Евдокия ничего не ответила, взяла бледную руку сына с успевшей уже по-мужски загрубеть ладонью и уже больше не отпускала ее. Кто-то придвинул ей табурет, и она села. Васек, напуганный и жалкий, хотел было протиснуться к ней поближе, но она не заметила его и даже отстранила от себя, как нечто чужое и ненужное, она не отрывалась от невероятно белого, какого-то мраморного, почти светящегося лица старшего.
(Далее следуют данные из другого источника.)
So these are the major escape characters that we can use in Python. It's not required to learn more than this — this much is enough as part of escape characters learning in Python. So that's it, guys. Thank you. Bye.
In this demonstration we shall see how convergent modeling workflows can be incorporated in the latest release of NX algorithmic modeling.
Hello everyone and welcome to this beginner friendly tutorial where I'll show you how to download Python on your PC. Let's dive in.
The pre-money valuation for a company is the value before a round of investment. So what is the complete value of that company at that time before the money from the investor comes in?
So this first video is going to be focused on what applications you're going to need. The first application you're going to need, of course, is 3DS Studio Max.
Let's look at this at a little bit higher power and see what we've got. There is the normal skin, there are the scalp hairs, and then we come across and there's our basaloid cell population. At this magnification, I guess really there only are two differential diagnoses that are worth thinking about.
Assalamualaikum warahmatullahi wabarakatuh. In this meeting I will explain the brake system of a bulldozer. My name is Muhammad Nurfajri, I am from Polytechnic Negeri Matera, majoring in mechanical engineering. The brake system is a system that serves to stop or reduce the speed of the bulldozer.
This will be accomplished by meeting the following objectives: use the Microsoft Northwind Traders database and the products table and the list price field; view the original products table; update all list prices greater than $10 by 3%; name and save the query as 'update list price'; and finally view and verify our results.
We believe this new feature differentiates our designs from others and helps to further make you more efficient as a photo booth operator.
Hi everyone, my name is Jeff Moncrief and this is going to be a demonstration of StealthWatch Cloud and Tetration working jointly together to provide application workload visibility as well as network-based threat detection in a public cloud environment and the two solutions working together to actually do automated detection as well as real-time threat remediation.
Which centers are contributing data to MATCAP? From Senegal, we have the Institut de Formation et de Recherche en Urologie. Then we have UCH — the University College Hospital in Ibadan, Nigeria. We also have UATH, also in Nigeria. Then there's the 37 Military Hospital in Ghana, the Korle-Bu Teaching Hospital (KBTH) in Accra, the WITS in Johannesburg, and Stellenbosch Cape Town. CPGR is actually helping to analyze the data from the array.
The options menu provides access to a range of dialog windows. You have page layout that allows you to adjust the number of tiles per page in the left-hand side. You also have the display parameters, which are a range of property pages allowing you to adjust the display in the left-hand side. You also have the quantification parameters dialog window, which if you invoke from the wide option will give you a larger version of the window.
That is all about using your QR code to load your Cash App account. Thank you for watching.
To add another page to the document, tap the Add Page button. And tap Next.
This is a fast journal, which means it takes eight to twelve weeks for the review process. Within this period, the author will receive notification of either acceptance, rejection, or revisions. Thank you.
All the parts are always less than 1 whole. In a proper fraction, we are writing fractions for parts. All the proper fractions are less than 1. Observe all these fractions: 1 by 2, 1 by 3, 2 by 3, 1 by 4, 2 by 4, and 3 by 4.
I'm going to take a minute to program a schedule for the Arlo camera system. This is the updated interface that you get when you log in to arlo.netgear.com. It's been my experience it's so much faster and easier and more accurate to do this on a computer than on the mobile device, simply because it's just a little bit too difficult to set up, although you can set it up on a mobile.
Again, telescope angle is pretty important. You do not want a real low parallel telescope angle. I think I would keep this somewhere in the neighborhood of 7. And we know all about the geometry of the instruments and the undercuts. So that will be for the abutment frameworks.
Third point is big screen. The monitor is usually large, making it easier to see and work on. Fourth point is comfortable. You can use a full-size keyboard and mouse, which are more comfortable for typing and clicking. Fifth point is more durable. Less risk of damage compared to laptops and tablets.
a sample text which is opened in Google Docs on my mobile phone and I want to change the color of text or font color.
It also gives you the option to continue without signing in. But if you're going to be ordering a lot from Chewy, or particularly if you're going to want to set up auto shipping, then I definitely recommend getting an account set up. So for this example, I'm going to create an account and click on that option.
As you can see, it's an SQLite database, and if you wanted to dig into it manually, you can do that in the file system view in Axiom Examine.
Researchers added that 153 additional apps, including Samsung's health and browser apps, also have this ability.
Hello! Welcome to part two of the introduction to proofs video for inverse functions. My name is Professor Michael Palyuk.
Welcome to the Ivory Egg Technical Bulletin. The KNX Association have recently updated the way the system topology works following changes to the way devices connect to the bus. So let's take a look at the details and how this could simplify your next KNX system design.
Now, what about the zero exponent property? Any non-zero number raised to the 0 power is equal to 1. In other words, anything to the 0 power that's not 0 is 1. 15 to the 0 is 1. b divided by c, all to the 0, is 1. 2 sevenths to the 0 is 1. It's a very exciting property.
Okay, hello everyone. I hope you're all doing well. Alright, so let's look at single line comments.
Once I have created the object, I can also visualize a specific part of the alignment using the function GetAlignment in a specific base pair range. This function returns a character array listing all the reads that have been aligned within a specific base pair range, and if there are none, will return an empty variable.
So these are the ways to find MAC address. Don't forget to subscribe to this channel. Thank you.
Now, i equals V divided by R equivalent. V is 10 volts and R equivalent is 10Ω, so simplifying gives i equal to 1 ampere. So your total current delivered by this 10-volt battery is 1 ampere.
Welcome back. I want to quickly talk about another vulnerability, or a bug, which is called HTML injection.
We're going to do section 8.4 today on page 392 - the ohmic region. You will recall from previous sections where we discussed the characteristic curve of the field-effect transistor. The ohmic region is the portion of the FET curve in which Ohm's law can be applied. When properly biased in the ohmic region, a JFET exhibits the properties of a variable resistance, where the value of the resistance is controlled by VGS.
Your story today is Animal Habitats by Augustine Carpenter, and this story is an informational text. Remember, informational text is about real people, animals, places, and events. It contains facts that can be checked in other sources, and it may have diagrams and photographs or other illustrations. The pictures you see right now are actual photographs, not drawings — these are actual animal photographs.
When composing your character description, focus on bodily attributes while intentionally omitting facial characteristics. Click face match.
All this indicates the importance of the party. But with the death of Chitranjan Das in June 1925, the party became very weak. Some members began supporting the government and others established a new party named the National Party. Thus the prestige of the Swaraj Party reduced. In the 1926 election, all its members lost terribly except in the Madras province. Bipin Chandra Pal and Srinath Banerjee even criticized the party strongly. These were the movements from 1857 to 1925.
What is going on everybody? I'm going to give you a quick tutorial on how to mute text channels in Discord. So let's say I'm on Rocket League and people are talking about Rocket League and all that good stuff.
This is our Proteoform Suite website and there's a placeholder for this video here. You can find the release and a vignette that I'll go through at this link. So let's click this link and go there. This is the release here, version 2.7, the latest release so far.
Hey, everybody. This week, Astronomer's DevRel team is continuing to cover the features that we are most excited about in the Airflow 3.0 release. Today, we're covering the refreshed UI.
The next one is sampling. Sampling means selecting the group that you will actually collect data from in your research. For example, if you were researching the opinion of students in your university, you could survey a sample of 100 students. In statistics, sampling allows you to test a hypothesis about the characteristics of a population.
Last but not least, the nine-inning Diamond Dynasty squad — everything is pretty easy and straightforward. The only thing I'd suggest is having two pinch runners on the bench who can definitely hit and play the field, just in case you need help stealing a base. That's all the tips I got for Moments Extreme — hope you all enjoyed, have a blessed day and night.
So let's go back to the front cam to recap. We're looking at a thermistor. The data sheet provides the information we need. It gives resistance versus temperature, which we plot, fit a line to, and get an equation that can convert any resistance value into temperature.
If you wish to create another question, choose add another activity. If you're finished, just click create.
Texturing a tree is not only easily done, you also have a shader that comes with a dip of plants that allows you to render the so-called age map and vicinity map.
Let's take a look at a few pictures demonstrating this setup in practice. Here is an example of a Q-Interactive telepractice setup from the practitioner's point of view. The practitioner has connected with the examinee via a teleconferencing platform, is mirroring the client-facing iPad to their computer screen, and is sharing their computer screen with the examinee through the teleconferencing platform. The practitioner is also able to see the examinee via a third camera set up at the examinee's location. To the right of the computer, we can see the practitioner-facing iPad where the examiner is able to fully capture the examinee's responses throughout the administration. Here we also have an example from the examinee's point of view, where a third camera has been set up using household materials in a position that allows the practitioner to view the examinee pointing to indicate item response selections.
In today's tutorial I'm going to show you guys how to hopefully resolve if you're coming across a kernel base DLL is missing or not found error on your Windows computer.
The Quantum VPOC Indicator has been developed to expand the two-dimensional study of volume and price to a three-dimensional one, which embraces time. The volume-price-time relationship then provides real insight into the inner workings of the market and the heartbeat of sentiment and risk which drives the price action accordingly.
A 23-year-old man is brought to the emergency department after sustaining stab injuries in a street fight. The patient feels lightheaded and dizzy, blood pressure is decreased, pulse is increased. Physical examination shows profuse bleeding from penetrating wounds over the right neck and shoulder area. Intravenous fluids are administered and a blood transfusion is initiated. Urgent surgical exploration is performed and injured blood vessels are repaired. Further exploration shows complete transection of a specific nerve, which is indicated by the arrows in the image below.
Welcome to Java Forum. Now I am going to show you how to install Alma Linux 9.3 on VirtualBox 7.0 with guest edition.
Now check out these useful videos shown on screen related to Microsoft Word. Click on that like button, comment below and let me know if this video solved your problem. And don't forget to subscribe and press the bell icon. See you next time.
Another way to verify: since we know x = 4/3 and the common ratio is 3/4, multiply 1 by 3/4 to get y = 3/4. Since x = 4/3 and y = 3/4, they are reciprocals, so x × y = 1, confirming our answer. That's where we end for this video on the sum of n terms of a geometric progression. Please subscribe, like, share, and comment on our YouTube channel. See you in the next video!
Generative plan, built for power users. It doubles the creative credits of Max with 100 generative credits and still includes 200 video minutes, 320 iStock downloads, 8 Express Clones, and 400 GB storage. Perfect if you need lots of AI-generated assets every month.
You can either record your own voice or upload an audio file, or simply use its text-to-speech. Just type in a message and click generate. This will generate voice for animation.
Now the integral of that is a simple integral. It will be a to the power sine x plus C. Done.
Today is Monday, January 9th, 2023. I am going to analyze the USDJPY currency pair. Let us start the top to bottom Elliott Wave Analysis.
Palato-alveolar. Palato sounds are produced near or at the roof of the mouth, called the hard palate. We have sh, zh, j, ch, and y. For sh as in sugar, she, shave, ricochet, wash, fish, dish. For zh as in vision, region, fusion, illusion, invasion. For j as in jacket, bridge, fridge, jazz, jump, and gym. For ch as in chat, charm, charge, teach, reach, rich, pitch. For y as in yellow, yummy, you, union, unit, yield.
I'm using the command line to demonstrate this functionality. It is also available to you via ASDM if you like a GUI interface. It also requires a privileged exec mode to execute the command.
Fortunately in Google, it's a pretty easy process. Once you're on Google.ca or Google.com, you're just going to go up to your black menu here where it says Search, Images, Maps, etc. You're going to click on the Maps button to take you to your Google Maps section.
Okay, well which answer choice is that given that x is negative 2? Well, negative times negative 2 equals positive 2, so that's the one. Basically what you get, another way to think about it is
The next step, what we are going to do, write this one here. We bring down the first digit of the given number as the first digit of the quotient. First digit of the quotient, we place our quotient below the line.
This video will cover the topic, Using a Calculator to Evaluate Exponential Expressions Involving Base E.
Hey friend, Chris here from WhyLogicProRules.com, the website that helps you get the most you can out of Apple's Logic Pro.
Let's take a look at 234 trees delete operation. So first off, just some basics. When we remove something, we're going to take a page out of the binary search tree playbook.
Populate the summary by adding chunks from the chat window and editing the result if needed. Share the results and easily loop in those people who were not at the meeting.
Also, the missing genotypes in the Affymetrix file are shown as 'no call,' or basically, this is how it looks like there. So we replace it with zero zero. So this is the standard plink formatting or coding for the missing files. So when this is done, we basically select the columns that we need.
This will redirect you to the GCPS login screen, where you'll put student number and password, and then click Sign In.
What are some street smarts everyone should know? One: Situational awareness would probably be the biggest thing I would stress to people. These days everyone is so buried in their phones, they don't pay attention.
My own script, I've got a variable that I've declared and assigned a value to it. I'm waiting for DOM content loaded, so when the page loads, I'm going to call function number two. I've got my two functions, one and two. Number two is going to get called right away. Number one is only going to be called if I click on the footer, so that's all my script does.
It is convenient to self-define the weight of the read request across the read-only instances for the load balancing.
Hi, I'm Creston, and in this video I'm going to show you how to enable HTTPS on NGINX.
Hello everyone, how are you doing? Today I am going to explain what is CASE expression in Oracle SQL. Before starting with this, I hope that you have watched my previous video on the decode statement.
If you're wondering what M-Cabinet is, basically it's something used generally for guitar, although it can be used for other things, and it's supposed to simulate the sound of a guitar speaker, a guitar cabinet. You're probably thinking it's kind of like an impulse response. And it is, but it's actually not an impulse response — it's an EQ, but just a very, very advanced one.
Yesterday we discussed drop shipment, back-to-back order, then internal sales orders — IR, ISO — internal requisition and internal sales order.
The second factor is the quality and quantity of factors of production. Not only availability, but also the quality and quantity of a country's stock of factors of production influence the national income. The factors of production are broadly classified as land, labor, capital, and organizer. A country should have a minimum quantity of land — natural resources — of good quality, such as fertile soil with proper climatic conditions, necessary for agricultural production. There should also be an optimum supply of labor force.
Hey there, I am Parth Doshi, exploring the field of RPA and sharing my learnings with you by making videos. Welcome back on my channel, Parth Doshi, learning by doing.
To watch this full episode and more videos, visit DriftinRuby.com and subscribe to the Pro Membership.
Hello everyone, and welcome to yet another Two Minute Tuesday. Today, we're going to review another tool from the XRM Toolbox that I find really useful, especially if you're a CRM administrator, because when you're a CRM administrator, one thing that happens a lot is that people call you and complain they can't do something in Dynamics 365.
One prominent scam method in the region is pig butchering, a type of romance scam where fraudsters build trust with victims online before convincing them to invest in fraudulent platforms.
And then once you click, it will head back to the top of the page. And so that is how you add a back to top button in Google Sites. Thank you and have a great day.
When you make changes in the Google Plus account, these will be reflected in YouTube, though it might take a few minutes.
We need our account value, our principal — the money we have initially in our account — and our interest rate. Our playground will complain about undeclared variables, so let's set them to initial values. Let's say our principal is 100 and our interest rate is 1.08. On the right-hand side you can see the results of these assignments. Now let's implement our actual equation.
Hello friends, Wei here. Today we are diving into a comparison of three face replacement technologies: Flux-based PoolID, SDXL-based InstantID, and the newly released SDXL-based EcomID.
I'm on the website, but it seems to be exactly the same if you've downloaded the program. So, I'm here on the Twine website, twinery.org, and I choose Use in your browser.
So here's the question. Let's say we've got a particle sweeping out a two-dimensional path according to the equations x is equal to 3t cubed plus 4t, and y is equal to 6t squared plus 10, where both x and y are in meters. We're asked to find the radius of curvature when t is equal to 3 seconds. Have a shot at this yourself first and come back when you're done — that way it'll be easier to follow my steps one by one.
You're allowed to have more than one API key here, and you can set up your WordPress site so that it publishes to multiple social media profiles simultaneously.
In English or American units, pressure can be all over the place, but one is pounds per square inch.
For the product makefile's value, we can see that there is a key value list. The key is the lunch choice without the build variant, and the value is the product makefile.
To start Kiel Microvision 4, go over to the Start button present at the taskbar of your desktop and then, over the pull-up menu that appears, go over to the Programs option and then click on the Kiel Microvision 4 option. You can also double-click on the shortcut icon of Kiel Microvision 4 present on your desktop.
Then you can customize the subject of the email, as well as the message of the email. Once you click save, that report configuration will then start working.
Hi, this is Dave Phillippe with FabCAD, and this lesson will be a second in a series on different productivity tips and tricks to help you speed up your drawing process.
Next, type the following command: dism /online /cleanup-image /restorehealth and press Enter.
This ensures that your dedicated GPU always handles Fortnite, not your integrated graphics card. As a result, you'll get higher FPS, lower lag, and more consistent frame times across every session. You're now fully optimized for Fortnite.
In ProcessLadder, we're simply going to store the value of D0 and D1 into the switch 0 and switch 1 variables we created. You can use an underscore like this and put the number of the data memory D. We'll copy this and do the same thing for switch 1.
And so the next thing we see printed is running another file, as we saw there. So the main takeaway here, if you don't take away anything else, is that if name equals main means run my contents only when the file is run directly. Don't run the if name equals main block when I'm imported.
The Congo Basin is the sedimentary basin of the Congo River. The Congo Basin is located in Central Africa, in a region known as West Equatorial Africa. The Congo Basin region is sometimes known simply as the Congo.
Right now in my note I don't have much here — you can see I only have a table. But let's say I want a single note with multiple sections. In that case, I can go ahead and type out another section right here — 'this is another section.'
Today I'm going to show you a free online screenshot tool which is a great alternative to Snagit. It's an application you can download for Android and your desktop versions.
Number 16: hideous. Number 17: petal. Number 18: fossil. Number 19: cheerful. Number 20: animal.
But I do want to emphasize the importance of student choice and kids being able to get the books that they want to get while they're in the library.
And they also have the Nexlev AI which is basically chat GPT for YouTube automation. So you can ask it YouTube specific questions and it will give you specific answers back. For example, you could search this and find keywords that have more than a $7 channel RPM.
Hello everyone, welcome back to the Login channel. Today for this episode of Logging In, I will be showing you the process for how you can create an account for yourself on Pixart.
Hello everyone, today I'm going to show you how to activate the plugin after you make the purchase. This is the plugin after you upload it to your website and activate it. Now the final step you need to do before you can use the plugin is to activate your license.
И ни сын, ни мать ни на что больше не обращали внимания, они сейчас не могли нарушить той последней и нерасторжимой связи, что установилась между ними незримо для других, для них существовала и была важна только эта последняя связь, и это уже не было смертью, не было даже отчаянием или прощанием, это было нечто такое, что могли понимать и чувствовать только они двое.

— Потерпи, сыночек, — сказала Евдокия, не выпуская руки сына, бессознательно стараясь этим как бы из себя перелить в сына неостановимо иссякающую в его теле жизненную силу. — Скоро доктора привезут, уже поехали…

— А мне не больно, мам, — ответил Костя, и было видно, что ему и в самом деле не больно. — Вот дышать плохо… нечем.

— Пройдет, пройдет, — постаралась успокоить его Евдокия. — Выпей водички.

Она поднесла алюминиевую кружку к губам сына (они тоже уже начинали терять свой цвет), и он с трудом глотнул воды, происходило нечто такое, чего нельзя было объяснить, никто не разговаривал, стояла тяжкая тишина, и Васек тоже боялся шевельнуться.

— Мам, ты мои тетрадки Ваське отдай, пусть возьмет, — попросил вдруг Костя, и Евдокии показалось, что он глядит куда-то сквозь нее. — Пусть они у него будут…

— Да что ты, сынок! Сейчас доктор приедет, — сказала, с трудом шевеля губами, Евдокия, и сердце у нее сжала какая-то непереносимая жуть.

— Отдашь, ладно? — переспросил Костя, не отрывая от ее лица голубых, теперь словно лучащихся и огромных глаз.

— Отдам, отдам, — твердо пообещала она, и между ними словно опала последняя преграда.

— Тяжко, ох, мам! Тяжко… тяжко… — прошептал Костя. — Хоть бы поскорей, — добавил он уже совсем невнятно, и почти сразу что-то случилось, Васек, пятясь, увидел, как брат (тал мучительно что-то хватать губами. Он искал воздуха и не находил его и сразу вытянулся, затих и больше не шевелился. И только тогда Евдокия, непривычно чужая, почти тяжелая в своем просветленном спокойствии в общении с вечностью, шевельнулась и, не отнимая своей руки из мертвых уже рук сына, второй рукой потянулась и закрыла ему глаза. И тогда кто-то из баб невыносимо и долго закричал. Все вздрогнули, и только Евдокия медленно-медленно повернула голову, и под ее взглядом опять все стихло.

— Не кричите, не надо, — попросила она. — Не надо… мое это… уходите… все уходите, — потребовала она, и изба опустела. И Васек под ее взглядом тоже попятился и вышел, он не мог произнести ни слова, и когда к нему, чтото тихо говоря, потянулась соседка, тетка Пелагея, он в страхе отскочил в сторону и, не разбирая дороги, бросился в сад, затем в огород, в поле, прямо в сверкающий майский дождь и гул, в первый и последний раз он боялся людей.